Obama signals to the drugmakers that they are expendable

After the 2014 midterm election, President Obama has less power than he once did. His loss of Congress means he will sign no more big bills that change the political landscape. In policy debates, Republicans seem content for now to ignore him except where they find common ground, as on trade.

But Obama remains popular within his party, and he seems eager to retain as much power as he can in shaping its future. This is why one segment in Obama’s recent interview with Vox’s Ezra Klein probably sent pharmaceutical lobbyists diving for their telephones.

The dangerous moment came when Obama brought up the idea of “using Medicare as a lever” to bring down healthcare costs. “There’s certain areas like drugs,” he said, “where the fact that Congress — and the Republican Party in particular — has been resistant to letting drugmakers and Medicare negotiate for the lowest price. It results in us paying a lot more than we should.”

Obama was essentially hinting at the destruction of a longstanding political detente. The guarantees that drugmakers secured for themselves in two major lobbying battles of the last decade — one of which was with Obama’s administration — now appear to be on perilous footing.

PhRMA, the drug industry’s lobbying group, has long supported efforts to expand the government’s role in healthcare for self-interested reasons. The lobbying group wholeheartedly backed the Medicare Part D plan that was pushed and signed by President George W. Bush, sensing an opportunity to make a lot more money as the government purchased more drugs. When Obamacare was placed upon the table in 2009, prescription drugmakers saw a similar opportunity that would result in more people filling prescriptions for their products. And so they cut a deal that committed them not only to quiet support of Obamacare but also public advocacy on its behalf.

In both cases, the drugmakers avoided (or at least delayed) two policy changes that threatened their business model. The first was reimportation of prescription drugs from countries that set artificially low prices. The second was the use of negotiations by large government programs to bring down drug prices across the board — the very idea Obama mentioned in the Vox interview.

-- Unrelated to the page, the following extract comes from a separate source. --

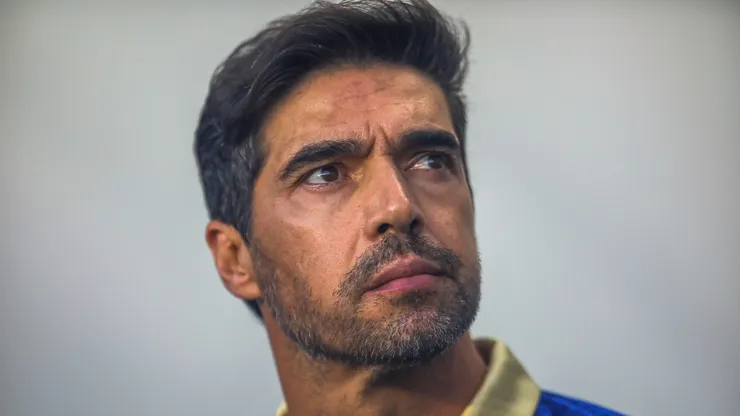 Abel Ferreira, técnico do Palmeiras. Foto: Reinaldo Campos/AGIF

This illustrates the danger that America’s largest industries face when they set aside the freedom of the market in which one operates in favor of competing for a good position from which to suckle from the government teat. A government guarantee of profits is always alluring, but it is often dangerous as well. At this point, PhRMA has invited government to take up a disturbingly large role as a customer. Between 2005 and 2013, Medicare and Medicaid have nearly doubled their share of the overall market for prescription drug purchases to more than 35 percent. The trend has accelerated since 2009, with purchases through private insurance actually declining and purchases by those two programs up 28 percent — and that’s before the Medicaid expansion.

With increased government purchases comes increased government power. As Peter Pitts, former associate commissioner of the U.S. Food and Drug Administration, once put it in an interview with the Washington Examiner, “You can’t cut a deal with a group of people who are fundamentally against your business model and expect that it’s going to save your bacon.”

Obama’s comments signify that drugmakers’ hard-won rhetorical immunity from the withering Democratic attacks of the previous two decades may already be running out. Unfortunately for them, as partisans begin shaping the issue debates of the 2016 election cycle, there is no new vaccine on the horizon.